Candy Duncan from the Carson City Convention & Visitor’s Bureau is on the phone with the people at the Dayton course when Miller yells out “Tell them to get the girls ready.” Miller is referring to the three brothels in Mound House. Same old Dennis.
1:30 p.m. – We arrive at Dayton and are served champagne and chocolate-covered strawberries. Jim Kepler, director of golf, talks about the new clubhouse and the new nine holes that are being added. Two more water holes – the par-3 163-yard sixth and the par-4 395-yard seventh. I hit my 7-wood into the water on No. 6 and triple it. What is it about par-3s over water? I avoid the water on No. 7, but my second shot lands under a tree and I take a double.
The beer is flowing freely as we head to Silver Oak. Weidinger is like a vendor at a ballpark they way he keeps hawking the various types of beer and soft drinks in the cooler. He doesn’t have to push hard. It’s been a long day and just warm enough to work up a good sweat. Dearborn and Leisgang talk a little shop in the back of the crowded bus, mostly about high school football.
2:50 p.m. – We arrive at Silver Oak. We play the third hole first, an uphill par-5 which measures 522 yards. Can I just say I hate this hole? My second shot goes out of bounds, and I end up with another double bogey. The story of my life. I double-bogey the par-3 7th because of my fourth three-putt of the round.
Dearborn, feeling no pain, is walking around asking people if they need hugs. You go Garrett.
4:15 p.m. – We pull into Sunridge. We start on the 624-yard par-5 11th.
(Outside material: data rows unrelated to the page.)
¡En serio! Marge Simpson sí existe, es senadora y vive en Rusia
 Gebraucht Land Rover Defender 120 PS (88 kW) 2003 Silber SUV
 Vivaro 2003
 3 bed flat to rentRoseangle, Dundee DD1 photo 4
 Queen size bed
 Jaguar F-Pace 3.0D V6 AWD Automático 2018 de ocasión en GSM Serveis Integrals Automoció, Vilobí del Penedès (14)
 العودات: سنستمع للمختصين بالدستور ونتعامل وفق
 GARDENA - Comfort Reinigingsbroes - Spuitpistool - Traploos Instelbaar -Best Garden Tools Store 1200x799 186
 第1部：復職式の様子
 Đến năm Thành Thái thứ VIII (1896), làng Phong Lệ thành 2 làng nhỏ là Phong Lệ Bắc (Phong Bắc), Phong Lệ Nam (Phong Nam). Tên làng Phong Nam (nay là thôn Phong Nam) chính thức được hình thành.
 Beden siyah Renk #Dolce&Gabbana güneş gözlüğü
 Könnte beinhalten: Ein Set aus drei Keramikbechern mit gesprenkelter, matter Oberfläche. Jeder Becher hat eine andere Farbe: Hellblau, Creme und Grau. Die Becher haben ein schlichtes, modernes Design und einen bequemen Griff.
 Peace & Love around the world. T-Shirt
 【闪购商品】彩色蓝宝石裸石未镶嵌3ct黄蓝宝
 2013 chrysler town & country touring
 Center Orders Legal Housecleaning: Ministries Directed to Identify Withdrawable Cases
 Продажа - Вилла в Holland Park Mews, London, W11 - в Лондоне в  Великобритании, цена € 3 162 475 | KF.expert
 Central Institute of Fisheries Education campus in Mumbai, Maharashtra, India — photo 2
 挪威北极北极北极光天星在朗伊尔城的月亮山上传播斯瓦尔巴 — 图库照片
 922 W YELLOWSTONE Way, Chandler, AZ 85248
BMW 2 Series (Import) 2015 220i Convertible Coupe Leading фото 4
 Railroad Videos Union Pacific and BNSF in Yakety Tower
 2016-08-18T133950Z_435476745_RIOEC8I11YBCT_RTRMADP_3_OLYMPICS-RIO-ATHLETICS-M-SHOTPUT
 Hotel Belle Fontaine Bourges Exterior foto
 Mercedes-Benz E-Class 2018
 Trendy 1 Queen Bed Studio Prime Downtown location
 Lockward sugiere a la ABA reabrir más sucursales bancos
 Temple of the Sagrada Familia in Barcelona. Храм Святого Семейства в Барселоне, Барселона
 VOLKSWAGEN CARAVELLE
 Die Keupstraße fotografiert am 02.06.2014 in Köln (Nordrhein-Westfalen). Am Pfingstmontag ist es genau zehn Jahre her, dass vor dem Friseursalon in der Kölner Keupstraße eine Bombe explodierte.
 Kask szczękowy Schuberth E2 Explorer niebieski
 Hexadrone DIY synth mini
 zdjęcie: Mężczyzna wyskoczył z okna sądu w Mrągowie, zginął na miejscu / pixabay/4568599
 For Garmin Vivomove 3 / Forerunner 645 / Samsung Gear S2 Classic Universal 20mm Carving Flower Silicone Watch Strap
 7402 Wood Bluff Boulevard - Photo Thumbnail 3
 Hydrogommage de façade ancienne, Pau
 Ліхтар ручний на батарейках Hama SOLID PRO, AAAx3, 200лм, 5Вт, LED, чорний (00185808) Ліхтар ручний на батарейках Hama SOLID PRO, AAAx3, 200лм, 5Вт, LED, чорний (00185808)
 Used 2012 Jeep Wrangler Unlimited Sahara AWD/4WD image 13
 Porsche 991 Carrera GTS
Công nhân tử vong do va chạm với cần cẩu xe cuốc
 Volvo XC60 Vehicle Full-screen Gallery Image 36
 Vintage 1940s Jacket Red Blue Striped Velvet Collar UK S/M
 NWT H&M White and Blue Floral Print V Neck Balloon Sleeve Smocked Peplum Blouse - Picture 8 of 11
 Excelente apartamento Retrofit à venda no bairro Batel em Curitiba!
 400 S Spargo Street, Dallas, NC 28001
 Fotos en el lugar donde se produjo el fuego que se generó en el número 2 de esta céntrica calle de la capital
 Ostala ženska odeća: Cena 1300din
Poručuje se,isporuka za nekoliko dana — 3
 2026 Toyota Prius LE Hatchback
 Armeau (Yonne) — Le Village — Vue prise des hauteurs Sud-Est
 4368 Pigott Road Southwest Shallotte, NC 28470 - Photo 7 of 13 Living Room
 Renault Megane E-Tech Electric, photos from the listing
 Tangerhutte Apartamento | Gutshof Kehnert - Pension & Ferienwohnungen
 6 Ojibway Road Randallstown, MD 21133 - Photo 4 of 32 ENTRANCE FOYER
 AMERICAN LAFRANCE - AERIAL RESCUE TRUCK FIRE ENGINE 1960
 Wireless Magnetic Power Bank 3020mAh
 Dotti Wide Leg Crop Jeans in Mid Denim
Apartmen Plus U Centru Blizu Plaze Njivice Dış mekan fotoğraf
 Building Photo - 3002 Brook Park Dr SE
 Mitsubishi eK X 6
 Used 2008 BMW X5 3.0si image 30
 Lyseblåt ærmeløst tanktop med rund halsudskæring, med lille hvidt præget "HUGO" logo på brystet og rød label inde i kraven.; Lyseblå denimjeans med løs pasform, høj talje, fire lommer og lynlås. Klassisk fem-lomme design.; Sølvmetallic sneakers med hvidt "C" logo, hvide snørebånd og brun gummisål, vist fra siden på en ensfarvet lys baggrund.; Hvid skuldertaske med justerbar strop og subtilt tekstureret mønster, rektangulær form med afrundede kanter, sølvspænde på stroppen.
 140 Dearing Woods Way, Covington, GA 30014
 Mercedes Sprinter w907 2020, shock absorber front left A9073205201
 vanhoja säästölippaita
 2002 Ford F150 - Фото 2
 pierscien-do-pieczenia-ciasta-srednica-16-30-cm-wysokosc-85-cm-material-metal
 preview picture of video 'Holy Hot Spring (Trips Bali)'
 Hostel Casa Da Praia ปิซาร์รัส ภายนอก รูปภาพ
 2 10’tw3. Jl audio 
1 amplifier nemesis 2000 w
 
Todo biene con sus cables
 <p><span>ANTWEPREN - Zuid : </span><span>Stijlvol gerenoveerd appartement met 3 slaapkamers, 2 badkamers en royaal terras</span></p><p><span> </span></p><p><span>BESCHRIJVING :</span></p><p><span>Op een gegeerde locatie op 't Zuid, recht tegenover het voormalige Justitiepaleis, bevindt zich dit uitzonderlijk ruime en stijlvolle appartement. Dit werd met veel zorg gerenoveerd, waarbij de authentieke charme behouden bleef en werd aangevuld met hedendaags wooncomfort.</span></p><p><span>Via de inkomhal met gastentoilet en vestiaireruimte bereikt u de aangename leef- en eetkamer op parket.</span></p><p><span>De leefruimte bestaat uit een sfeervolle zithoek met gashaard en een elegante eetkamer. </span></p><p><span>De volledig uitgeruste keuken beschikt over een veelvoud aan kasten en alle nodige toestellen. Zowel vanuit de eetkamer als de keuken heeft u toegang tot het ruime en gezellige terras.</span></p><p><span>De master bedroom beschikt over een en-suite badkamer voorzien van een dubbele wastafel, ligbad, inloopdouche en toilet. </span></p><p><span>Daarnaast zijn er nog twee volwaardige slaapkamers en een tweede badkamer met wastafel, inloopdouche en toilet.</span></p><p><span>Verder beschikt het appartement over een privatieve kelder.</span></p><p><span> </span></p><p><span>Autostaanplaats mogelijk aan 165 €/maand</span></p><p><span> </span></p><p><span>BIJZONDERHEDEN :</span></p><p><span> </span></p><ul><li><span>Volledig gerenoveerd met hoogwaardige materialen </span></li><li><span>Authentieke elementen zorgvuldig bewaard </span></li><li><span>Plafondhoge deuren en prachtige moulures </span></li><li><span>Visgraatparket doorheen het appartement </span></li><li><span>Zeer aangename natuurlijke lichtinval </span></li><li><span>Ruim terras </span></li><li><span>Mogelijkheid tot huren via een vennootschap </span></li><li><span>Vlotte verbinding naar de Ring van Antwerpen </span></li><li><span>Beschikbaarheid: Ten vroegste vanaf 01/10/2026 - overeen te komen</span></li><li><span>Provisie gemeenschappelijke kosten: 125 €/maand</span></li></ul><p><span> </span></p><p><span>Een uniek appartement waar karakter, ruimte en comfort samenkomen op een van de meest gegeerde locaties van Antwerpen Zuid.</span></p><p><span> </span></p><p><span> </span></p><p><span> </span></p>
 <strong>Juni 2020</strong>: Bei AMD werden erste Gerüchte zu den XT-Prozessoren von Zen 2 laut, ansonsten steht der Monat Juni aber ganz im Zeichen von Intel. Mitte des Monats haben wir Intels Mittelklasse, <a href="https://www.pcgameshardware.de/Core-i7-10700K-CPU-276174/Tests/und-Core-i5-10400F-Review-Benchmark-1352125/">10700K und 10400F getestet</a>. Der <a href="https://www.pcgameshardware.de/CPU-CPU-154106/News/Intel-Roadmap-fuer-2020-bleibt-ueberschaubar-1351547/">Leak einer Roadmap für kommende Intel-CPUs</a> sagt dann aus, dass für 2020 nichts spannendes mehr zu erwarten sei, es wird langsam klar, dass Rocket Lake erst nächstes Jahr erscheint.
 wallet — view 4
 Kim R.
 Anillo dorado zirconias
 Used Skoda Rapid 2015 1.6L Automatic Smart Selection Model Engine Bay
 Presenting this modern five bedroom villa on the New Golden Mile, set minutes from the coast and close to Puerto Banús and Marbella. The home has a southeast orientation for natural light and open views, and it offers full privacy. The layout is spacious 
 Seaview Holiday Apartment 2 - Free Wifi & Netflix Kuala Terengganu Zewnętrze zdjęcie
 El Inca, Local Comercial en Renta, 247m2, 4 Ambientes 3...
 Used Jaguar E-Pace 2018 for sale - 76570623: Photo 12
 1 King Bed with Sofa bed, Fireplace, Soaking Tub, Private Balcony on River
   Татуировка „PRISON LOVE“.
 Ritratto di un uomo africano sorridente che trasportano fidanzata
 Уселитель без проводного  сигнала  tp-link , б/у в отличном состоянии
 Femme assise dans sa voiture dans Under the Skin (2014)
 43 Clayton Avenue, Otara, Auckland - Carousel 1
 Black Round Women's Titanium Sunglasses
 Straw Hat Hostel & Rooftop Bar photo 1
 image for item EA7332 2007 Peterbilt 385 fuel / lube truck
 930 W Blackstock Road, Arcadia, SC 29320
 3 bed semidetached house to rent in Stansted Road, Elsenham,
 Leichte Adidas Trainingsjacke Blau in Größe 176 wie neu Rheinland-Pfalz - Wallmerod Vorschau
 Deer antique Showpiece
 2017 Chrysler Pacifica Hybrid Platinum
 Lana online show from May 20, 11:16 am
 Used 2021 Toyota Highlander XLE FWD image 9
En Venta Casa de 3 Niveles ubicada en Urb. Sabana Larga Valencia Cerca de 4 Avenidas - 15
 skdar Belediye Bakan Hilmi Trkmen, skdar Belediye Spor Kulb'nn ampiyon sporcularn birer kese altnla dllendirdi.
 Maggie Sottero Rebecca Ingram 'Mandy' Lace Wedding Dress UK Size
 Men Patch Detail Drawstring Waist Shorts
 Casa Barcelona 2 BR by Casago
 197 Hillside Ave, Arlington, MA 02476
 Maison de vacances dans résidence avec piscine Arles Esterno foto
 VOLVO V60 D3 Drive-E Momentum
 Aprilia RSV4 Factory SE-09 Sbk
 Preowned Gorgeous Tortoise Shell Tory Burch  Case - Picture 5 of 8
Bob Gee of Golf Today tees off and doesn’t even reach the women’s tee box.
“No more Fosters for me,” Gee said.
I hit three balls as hard as I can hit and still find myself 10 yards short of the green. I chip on and two putt for a well-earned bogey. I post a double-bogey on the par-4 339-yard 10th hole. Can I say that I hate this game?
Dearborn is the last on the bus, and takes some good-natured ribbing from the group. It’s been a long day, and everybody is in a hurry to finish before darkness falls.
Weidinger notes that Brady and Marc Squirey, the husband of San Francisco Chronicle reporter Susan Fornoff, are tied going into the last two holes. Brady gets up and hands a beer to Squirey, and the gamesmanship begins. The two agree to play the last two holes together.
6 p.m. – We arrive at Carson Valley Golf Club in Gardnerville. Brady and Squirey birdie the par-5 15th, and then retreat back to the 14th to finish their round. Brady wins because Squirey hits one OB.
It’s really starting to get dark now, and it’s even tough to pick up balls in the fairway as Nelson found out on the 14th hole. He never found his ball even though everybody in both groups saw it land in the fairway. I think I finished with two 6s and finished with either a 105 or 106. I truly didn’t care at that point, I was just glad to be done.
It’s been a grueling 11 1/2-hour day. I met some nice folks and renewed some old Bay Area friendships. I can’t wait until next year. Maybe I’ll break 100.
I have found, once again, that this area does offer some nice golf courses for all levels of play, and urge folks to get out there and play.